— Task to carry out —
From the records below, print only the part that opens with the line containing "Daisy Microfiber Bedspread" and closes with the line containing "Neutral asian young-adult"; omit the pictures.

— Entries provided —
■ ■ ■ ■

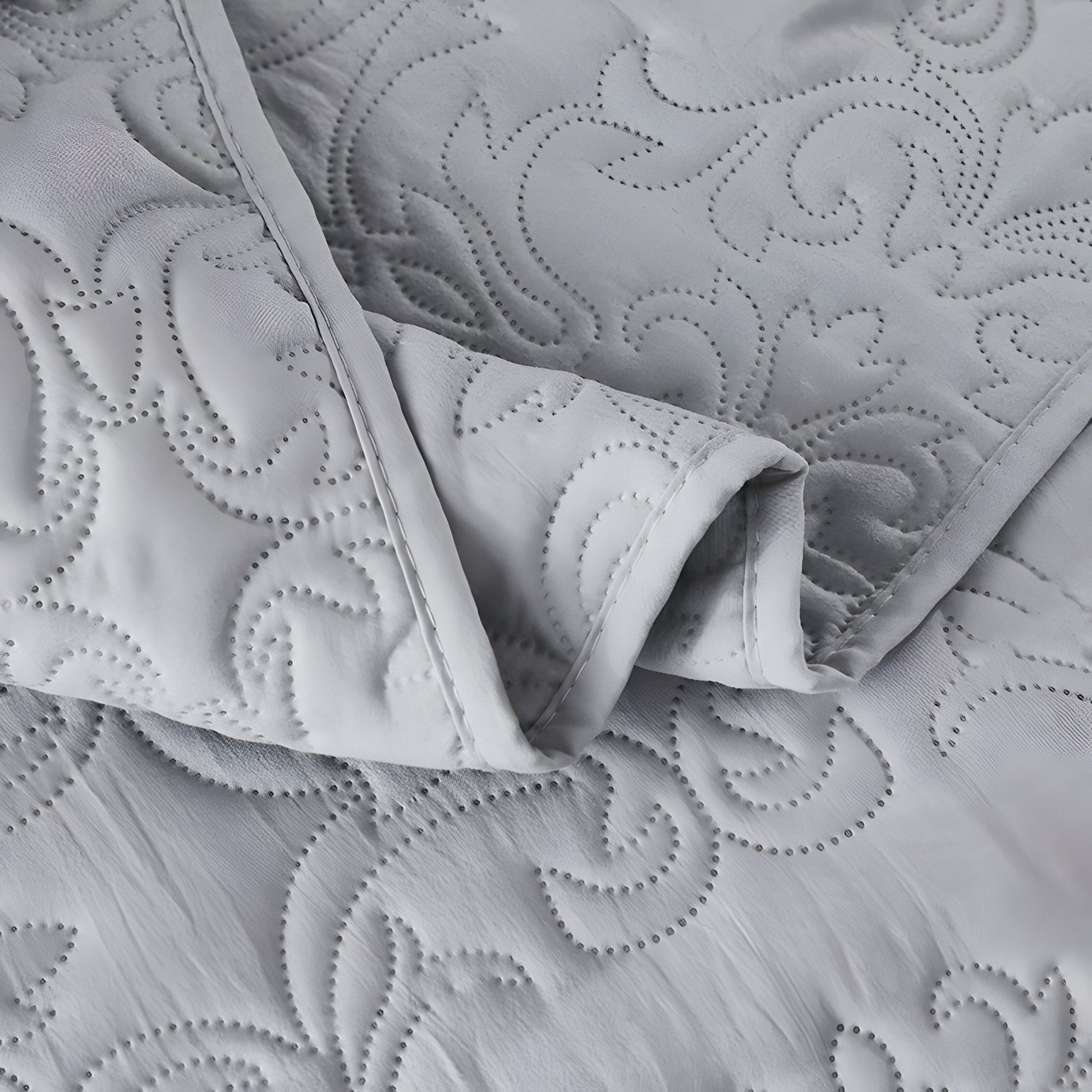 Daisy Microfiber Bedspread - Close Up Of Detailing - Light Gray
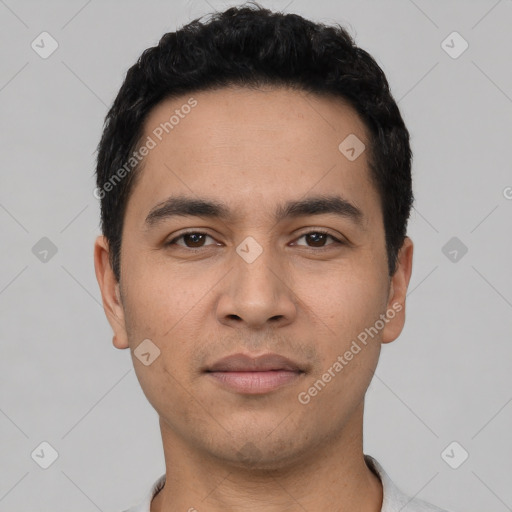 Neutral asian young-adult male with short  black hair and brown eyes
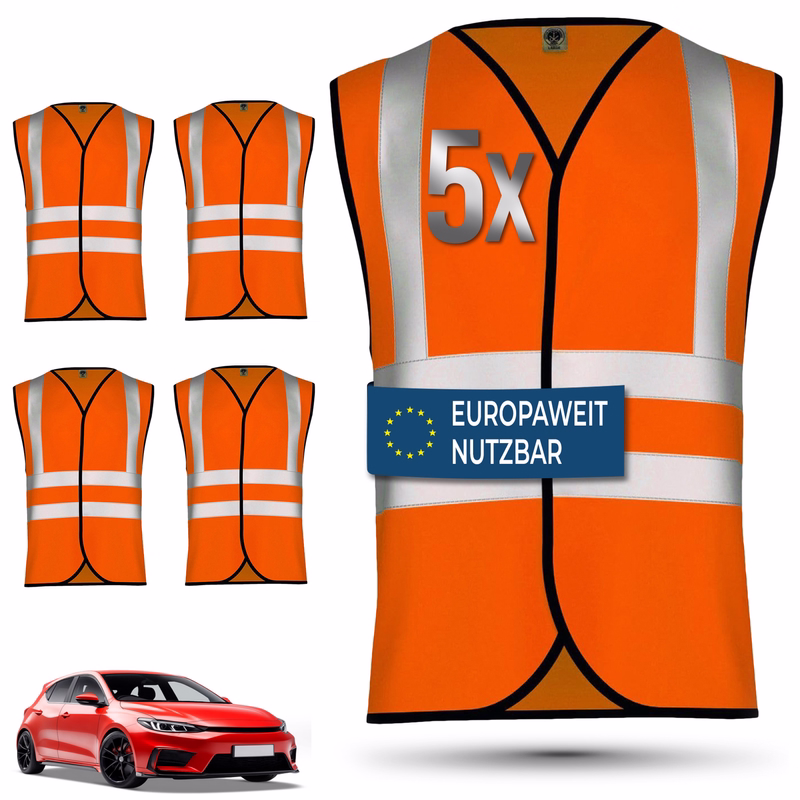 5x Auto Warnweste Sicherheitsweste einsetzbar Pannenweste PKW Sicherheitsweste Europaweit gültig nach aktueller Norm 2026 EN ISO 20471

■ ■ ■ ■

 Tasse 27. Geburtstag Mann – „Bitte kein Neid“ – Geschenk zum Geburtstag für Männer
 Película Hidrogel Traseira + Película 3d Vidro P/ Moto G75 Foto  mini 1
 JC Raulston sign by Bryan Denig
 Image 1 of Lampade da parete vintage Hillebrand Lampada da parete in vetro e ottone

■ ■ ■ ■

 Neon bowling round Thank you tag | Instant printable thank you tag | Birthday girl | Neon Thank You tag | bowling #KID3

■ ■ ■ ■

— Solution to this problem —
 Daisy Microfiber Bedspread - Close Up Of Detailing - Light Gray
 Neutral asian young-adult male with short  black hair and brown eyes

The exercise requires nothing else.